▶ **WHAT THIS TASK INVOLVES**:
Starting at the line containing "Group entering frame, camera" and ending at the line containing "A fine 18th", transcribe the listing below exactly. Keep both end lines, skip the pictures, and copy nothing else.

▶ **LISTED RECORDS**:
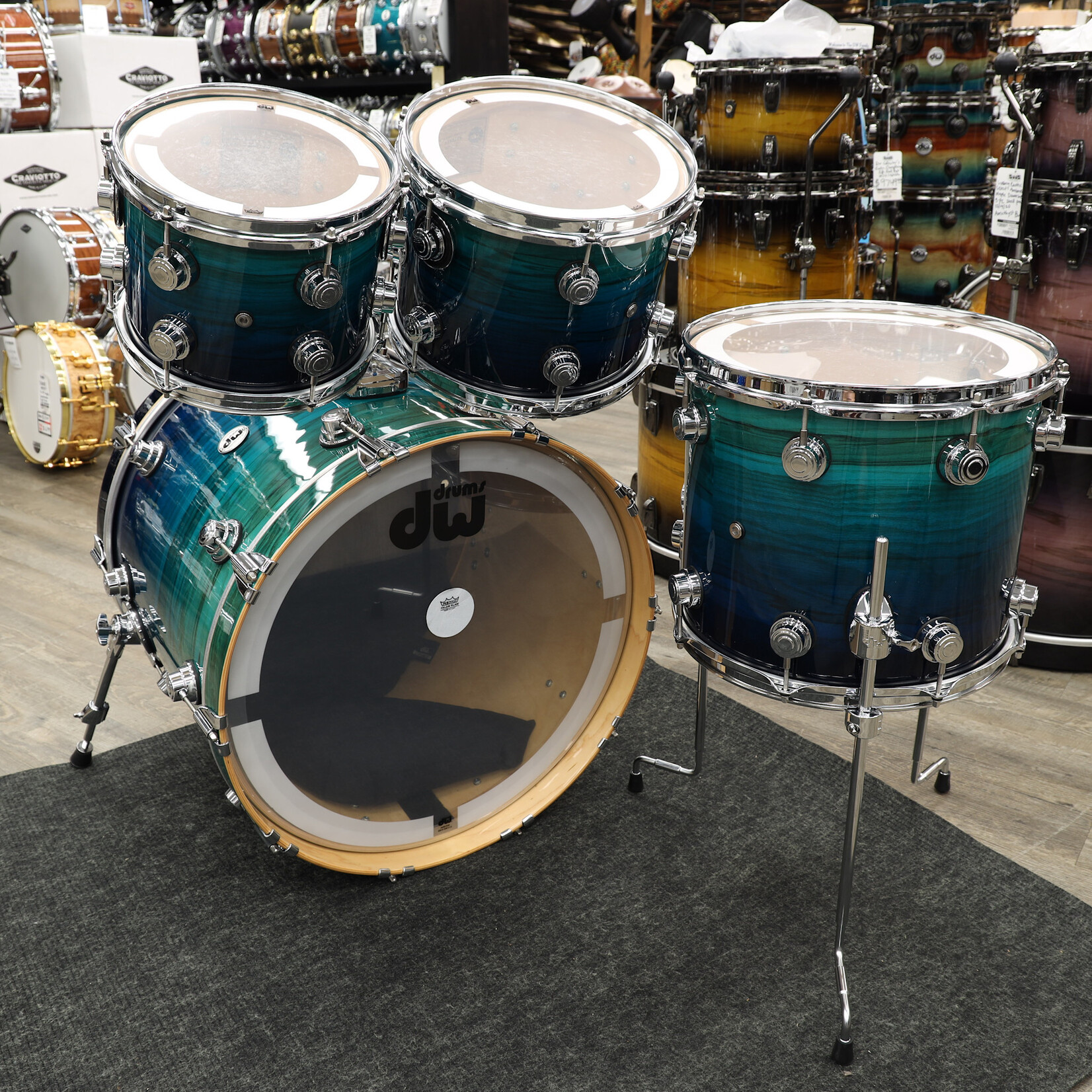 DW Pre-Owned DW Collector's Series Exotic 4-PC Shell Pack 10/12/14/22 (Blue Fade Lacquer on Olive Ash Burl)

==

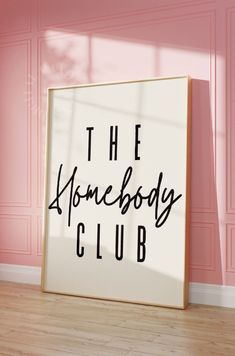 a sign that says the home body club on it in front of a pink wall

==

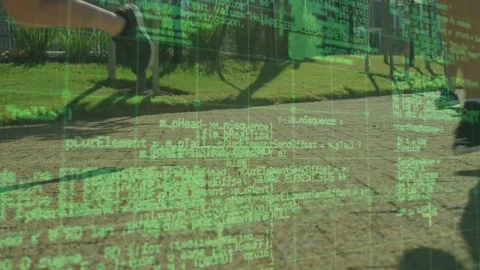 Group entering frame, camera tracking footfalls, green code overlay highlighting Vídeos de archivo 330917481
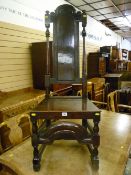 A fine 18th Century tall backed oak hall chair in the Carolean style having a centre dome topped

▶ **ANSWER BOX**:
 Group entering frame, camera tracking footfalls, green code overlay highlighting Vídeos de archivo 330917481
 A fine 18th Century tall backed oak hall chair in the Carolean style having a centre dome topped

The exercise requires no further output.